====== AVAILABLE DATA ======

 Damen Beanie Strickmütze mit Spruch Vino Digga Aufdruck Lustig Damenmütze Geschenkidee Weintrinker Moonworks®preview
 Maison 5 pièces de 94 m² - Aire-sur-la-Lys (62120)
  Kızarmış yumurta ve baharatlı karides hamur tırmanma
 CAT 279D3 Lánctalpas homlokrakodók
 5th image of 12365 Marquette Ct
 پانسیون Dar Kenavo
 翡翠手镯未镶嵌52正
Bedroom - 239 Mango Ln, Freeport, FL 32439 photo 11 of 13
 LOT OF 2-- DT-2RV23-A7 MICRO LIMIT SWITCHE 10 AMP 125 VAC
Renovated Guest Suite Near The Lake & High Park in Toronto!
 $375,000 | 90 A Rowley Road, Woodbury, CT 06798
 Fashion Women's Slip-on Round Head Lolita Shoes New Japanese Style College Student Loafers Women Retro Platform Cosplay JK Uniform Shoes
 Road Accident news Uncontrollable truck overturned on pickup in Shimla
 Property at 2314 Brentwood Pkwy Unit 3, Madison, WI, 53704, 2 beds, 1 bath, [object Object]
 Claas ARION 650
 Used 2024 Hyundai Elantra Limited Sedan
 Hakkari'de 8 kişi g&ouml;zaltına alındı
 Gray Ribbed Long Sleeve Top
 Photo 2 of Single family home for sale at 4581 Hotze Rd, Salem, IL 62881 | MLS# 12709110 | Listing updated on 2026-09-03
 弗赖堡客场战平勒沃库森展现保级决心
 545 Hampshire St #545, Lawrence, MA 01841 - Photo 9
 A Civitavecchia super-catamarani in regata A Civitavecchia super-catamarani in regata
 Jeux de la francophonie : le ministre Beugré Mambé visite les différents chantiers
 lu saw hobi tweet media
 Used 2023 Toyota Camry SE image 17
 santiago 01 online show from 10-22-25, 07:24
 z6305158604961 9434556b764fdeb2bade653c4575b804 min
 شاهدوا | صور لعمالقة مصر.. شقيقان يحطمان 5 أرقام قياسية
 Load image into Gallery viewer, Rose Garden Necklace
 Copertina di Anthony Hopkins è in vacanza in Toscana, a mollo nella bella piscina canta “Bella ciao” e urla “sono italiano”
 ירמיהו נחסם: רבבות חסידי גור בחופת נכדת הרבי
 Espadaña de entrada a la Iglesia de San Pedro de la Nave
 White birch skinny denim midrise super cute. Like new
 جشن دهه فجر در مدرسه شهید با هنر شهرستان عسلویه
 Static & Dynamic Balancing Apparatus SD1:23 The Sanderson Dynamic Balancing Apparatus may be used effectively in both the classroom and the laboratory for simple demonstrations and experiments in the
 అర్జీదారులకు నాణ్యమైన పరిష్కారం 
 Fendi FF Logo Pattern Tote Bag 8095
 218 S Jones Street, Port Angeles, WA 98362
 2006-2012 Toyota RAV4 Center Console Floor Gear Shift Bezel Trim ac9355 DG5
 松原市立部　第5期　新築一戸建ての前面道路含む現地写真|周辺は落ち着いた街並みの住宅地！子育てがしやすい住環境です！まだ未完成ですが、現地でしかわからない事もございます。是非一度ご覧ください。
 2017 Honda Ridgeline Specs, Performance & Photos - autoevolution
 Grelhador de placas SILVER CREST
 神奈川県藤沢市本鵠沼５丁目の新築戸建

======

THE PROBLEM -
What you give back must be the stretch above, starting at the line with "Claas ARION 650" and ending at the line with "Copertina di Anthony", copied exactly.

SOLUTION TO THE EXERCISE -
 Claas ARION 650
 Used 2024 Hyundai Elantra Limited Sedan
 Hakkari'de 8 kişi g&ouml;zaltına alındı
 Gray Ribbed Long Sleeve Top
 Photo 2 of Single family home for sale at 4581 Hotze Rd, Salem, IL 62881 | MLS# 12709110 | Listing updated on 2026-09-03
 弗赖堡客场战平勒沃库森展现保级决心
 545 Hampshire St #545, Lawrence, MA 01841 - Photo 9
 A Civitavecchia super-catamarani in regata A Civitavecchia super-catamarani in regata
 Jeux de la francophonie : le ministre Beugré Mambé visite les différents chantiers
 lu saw hobi tweet media
 Used 2023 Toyota Camry SE image 17
 santiago 01 online show from 10-22-25, 07:24
 z6305158604961 9434556b764fdeb2bade653c4575b804 min
 شاهدوا | صور لعمالقة مصر.. شقيقان يحطمان 5 أرقام قياسية
 Load image into Gallery viewer, Rose Garden Necklace
 Copertina di Anthony Hopkins è in vacanza in Toscana, a mollo nella bella piscina canta “Bella ciao” e urla “sono italiano”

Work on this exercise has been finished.